Although the House approved legislation last summer authorizing sports wagering in Massachusetts, Representative Howitt said the Senate’s failure to take up the bill is causing the state to lose out on an estimated $60 million in annual tax revenues. And while the House and Senate did take steps to shore up the Unemployment Insurance Trust Fund this year, Representative Howitt said the job is not finished and much work remains to be done to ensure the system’s long-term solvency in a way that shields employers from excessive rate hikes while also protecting workers’ benefits.

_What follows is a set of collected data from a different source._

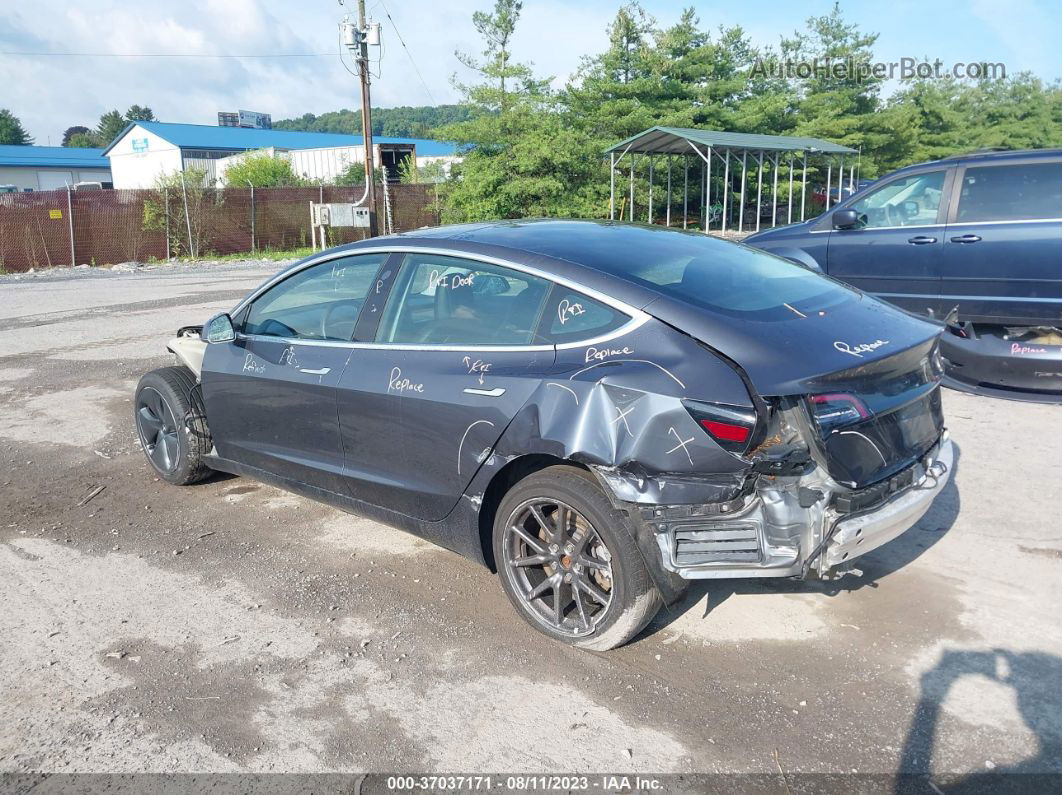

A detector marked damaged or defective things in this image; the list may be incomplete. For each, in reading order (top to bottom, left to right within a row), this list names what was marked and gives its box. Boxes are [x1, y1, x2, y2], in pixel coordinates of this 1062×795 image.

damaged tesla model 3 [135, 221, 956, 648]
shattered taillight [684, 404, 760, 454]
shattered taillight [812, 394, 868, 432]
crumpled rear bumper [648, 436, 956, 580] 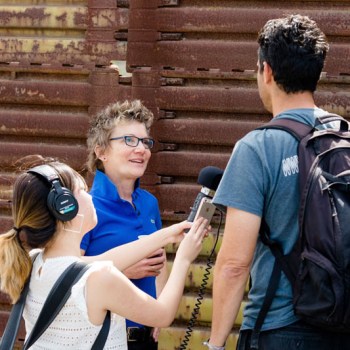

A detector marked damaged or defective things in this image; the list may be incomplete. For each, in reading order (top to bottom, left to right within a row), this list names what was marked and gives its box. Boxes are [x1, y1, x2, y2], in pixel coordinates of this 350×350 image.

rusty metal wall [127, 1, 350, 348]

The following is a brief overview of some of the major legislative initiatives taken up by the House in 2021:

BUSINESS RELIEF – UNEMPLOYMENT INSURANCE – On March 4, Representative Howitt was one of 49 legislators to co-sponsor a bipartisan letter urging House and Senate leadership to act quickly on House Bill 55, Governor Baker’s proposal to provide unemployment insurance relief to the state’s small businesses. At the time, Massachusetts businesses were facing a 60% increase in their unemployment assessments, with rates scheduled to jump from $539 per worker to $858 per worker in 2021, and additional incremental increases taking effect in subsequent years. House Bill 55 called for freezing the rate at Schedule E for calendar years 2021 and 2022 to avoid this double-digit increase.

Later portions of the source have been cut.